Hoy, Rutilio Escandón Cadenas recibirá la estafeta oficial para tomar el timón del barco chiapaneco, sabe de la peligrosa tormenta financiera que ahora estará en sus manos, sin embargo, el excentinela de la casa de la justicia es un hombre acostumbrado a los retos, es un guerrero de la política que caminó y libró batallas con su amigo de toda una vida, Andrés Manuel López Obrador, la historia no miente y así ha quedado escrito en Chiapas y más allá de esta entidad fronteriza, donde junto al político oriundo de Macuspana libraron cruentas batallas en las que su bandera fue siempre la democracia la justicia para favorecer a los marginados y pobres.

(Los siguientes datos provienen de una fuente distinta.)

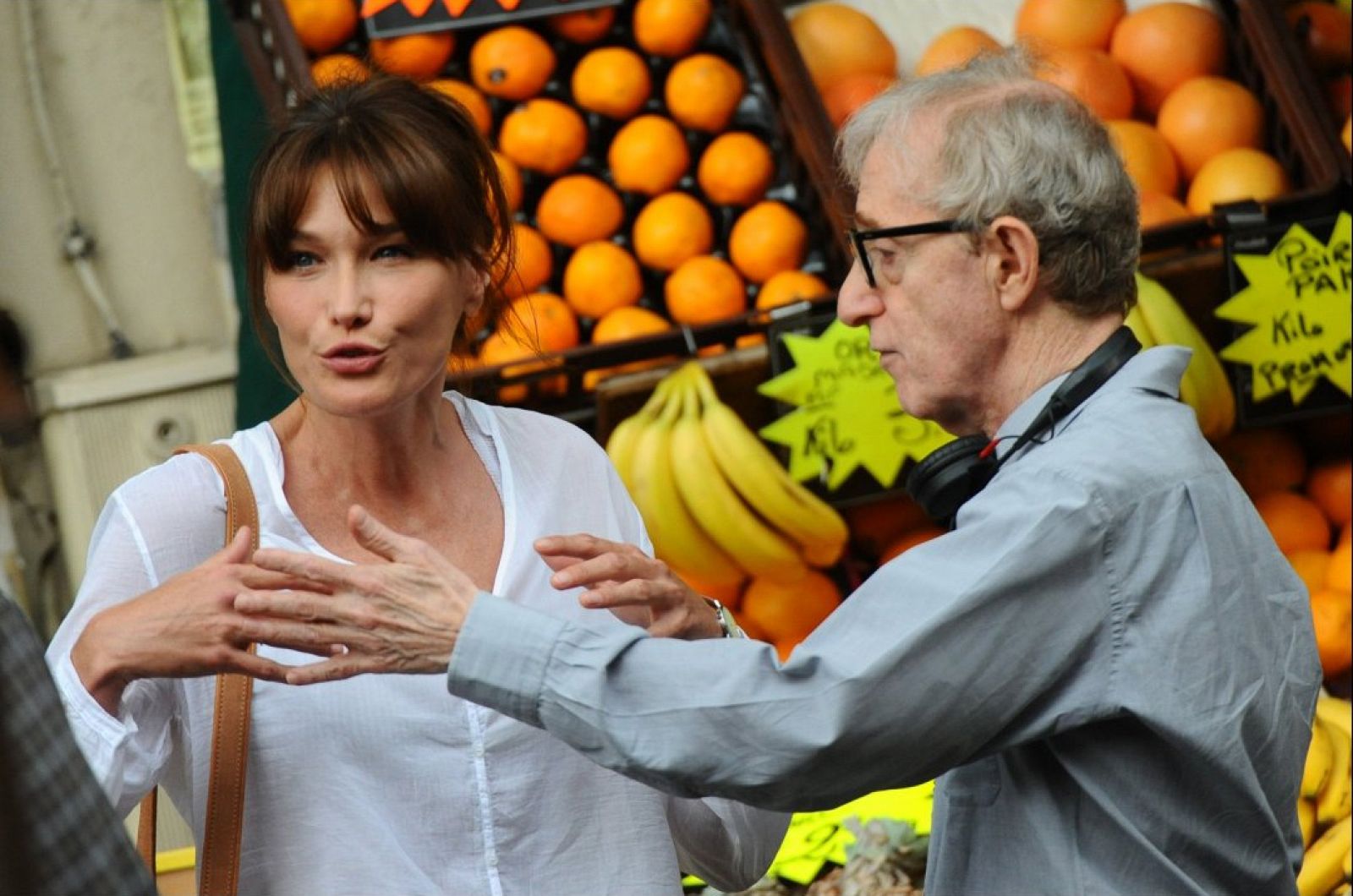 Carla Bruni y Woody Allen durante el rodaje de 'Midnight in Paris', en verano de 2010.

Ambos políticos y luchadores sociales vieron este año que está por culminar, el producto de lo que sembraron y están ya ofertándolo al pueblo a través de lo que ha llamado la Cuarta Transformación; la población mexicana quiere recibirla capeadita, siempre y cuando esas promesas se lleven a la realidad, porque el horno ya no está para bollos.
Esa es la enorme responsabilidad que tendrán ahora los nuevos gobernantes, que impulsados por un proyecto que ha ofrecido una imagen diferente basada en los principios de honestidad, planean combatir la corrupción para dar paso a la recuperación de recursos económicos, que, aunados a una austeridad republicana, podría ser el secreto o la llave que abra las puertas a la recuperación política, económica y social que tanto necesita este país.
De ahí la importancia que tiene este día, para los chiapanecos que están ansiosos de saber cuál será la estrategia de la nueva administración estatal, ahora presidida por Rutilio Escandón Cadenas, que buscará resolver el galimatías del empobrecimiento económico, político y social que sigue teniendo Chiapas; que al igual que la mayoría del resto de los Estados de la República Mexicana, no han podido encontrar la punta del hilo de la madeja que los conduzca a tener mejores condiciones de vida.
Nos queda claro que los gobernantes poco o nada podrán hacer solos, que tendrán que bajar al pueblo y pedirle ‘una manita’ para trabajar unidos en la búsqueda de mejorar las condiciones de vida de todos los habitantes de esta entidad fronteriza, principalmente, como lo han machacado López Obrador y Escandón Cadenas, la situación socio económica de los más pobres y marginados. Ojalá sea así y lluevan bendiciones de Dios para todos.